恐らく、このWebサイトをご覧になる方の多くは受験生やその保護者の皆様でしょう。そのような視点から、以下にご挨拶を述べます。


現在の学院長の立場になる前、私は毎日のように部活動のテニスコートに出かけ、部員たちと一緒に練習しておりましたので、運動不足ということはあり得ませんでした。学院長になり、デスクワークが増えてまいりました。昨年10月、主治医から「運動不足の解消のため、週3回は1時間程度の散歩をしてください」と指導を受けました。学校にいる間、仕事の合間を縫って緑の木々の中を散策することは理想ですが、雑務で継続できないことは目に見えています。自宅でも、毎朝1時間早く起きて散歩することは、見た目爽やかですが、自分のルーズな性格はそれを継続させないでしょう。考えた挙句、やれるとすれば帰宅してすぐだなと思いました。自分一人でやると、あれこれ最もらしい理由をつけて三日坊主で終わることは目に見えているので、妻にお願いして付き合ってもらうことにしました。昨年12月までは雨天時と出張時を除いて毎晩継続できました。さすがに、1月に入り入試や3年生の大学進学業務が入って帰りが遅くなり、「寒い中無理して散歩して風邪をひいたら入試業務に支障をきたす」などと自分の意思の弱さを最もらしい言い訳を妻に主張しました。3月9日、卒業式を終え、気温も上がりそのような言い訳が通らなくなさそうな冷たい夫婦間の空気を感じ、散歩を再開しました。

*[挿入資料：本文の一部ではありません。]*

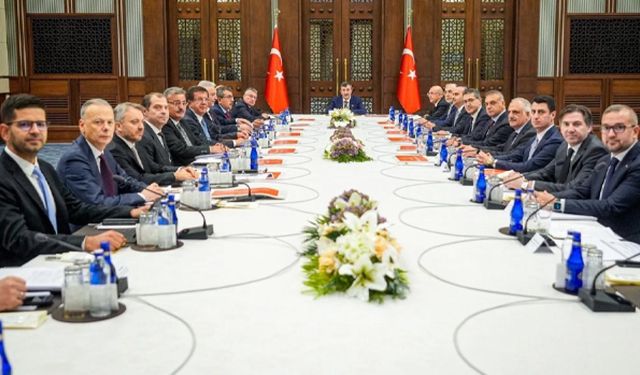 EKK açıkladı: Stratejik yatırımları hızlandırıyoruz!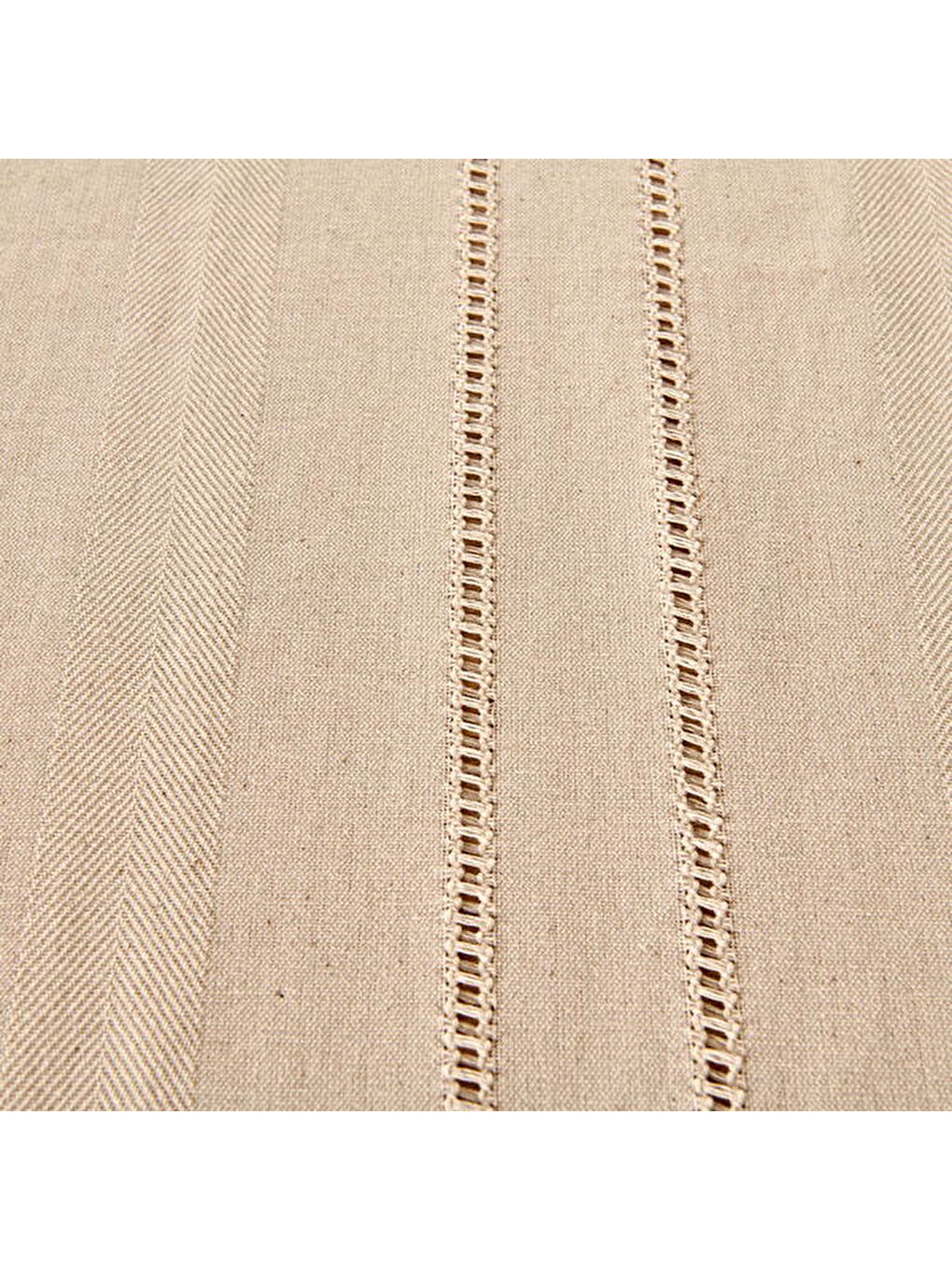 Soft Hull Runner - Ekru - 50x130 cm-2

現在、NHKの日曜日夜8時からの大河ドラマ「べらぼう」で江戸後期の庶民文化が取り上げられています。今は、関東の地方都市の1つである本庄市は江戸時代、中山道における最大の宿場町でした。現在の本庄市内の中山道の周辺には大きな寺院、神社、江戸時代の大名向けの旅館である本陣の門などが残っており、当時の繁栄を偲ぶことができます。明治時代以降本庄市は、日本開国後の主産業となった絹産業の一大集散地となり、その繁栄は戦後まで続きました。その頃の洋館やレトロな商店の名残も見ることができます。

旧本庄警察署(明治16年)

私の散歩はその辺を中心に、気の向くまま歩きます。最初は大通りを歩いていましたが、同じコースだと飽きてくるので、細い路地を巡るようになりました。路地を歩いて、本庄に40年近くも住んでいながらこんなにも今まで通ったことのない通りがあることに驚きました。小さな飲み屋さん・スナック・和菓子屋さん・床屋さんを毎日のように発見します。窓からおばあちゃんが売ってくれる、夜だけ不定期営業している小さな焼き鳥屋さんは、散歩の帰りにその後の晩酌用に4本買うことが楽しみになりました。11月初旬の本庄祭が近づくと、そこかしこの公民館に子供たちが集まりお囃子の稽古が始まり、「チントンシャン」という音が聞こえます。クリスマスが近づくと、お庭のイルミネーションが増えて華やかになります。夜に歩いているとわかりませんが、たまの夕方同じ道を通ると庭に綺麗な花が咲いていて見入ったりします。家の方が植物のお世話をしていたので、「綺麗ですね」と声をかけたら「どうぞ、お宅で生けてください」とお花をいただいたこともありました。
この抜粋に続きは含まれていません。